--- Source data ---
- - - - -

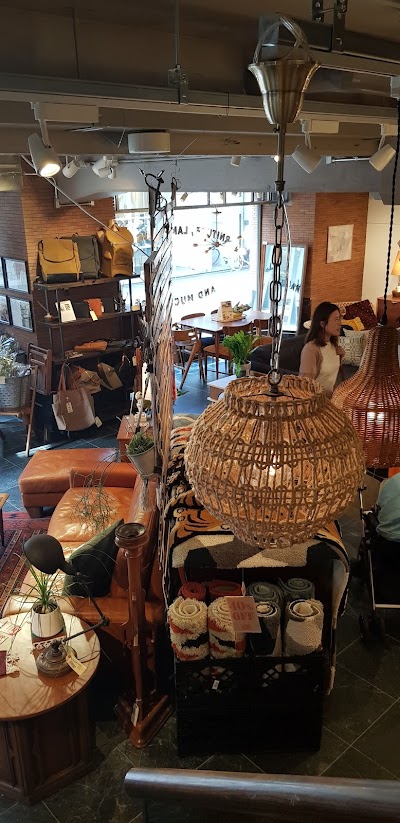 Journal Standard Furniture 堀江店 旧acme Furniture 大阪店 Osaka Shi ōsaka 81 6 4391 3232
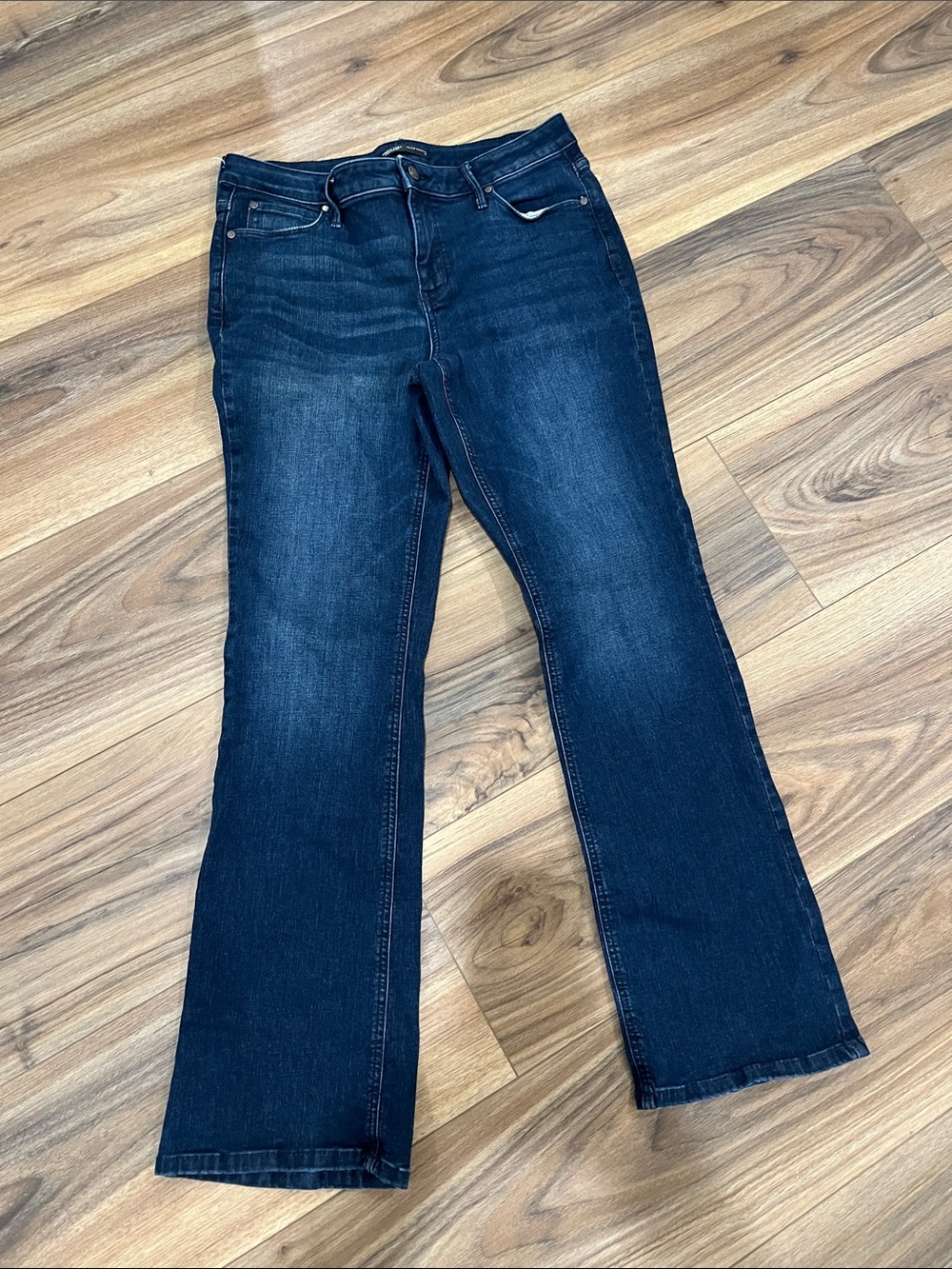 Simply Vera Vera Wang Dark Blue Flare Jeans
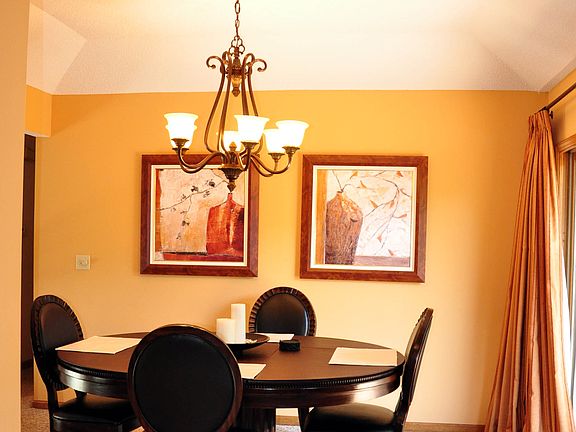 Formal Dinning Room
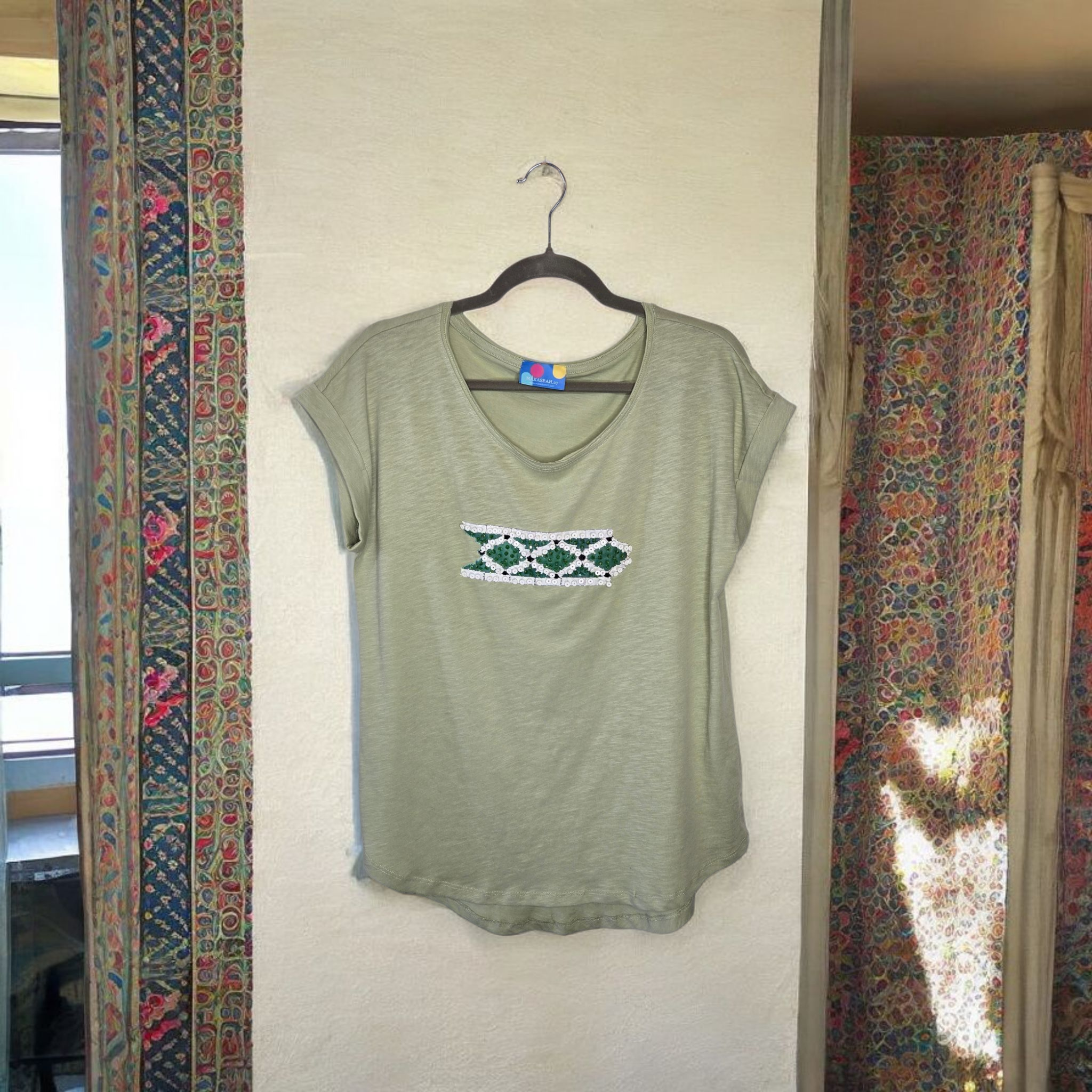 T-SHIRT 💠con Arabeschi 3D e Perle Fatto a Mano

- - - - -

--- What this task involves ---
Only the pictures are to be dropped; return everything else in the listing exactly.

--- Exercise answer ---
 Journal Standard Furniture 堀江店 旧acme Furniture 大阪店 Osaka Shi ōsaka 81 6 4391 3232
 Simply Vera Vera Wang Dark Blue Flare Jeans
 Formal Dinning Room
 T-SHIRT 💠con Arabeschi 3D e Perle Fatto a Mano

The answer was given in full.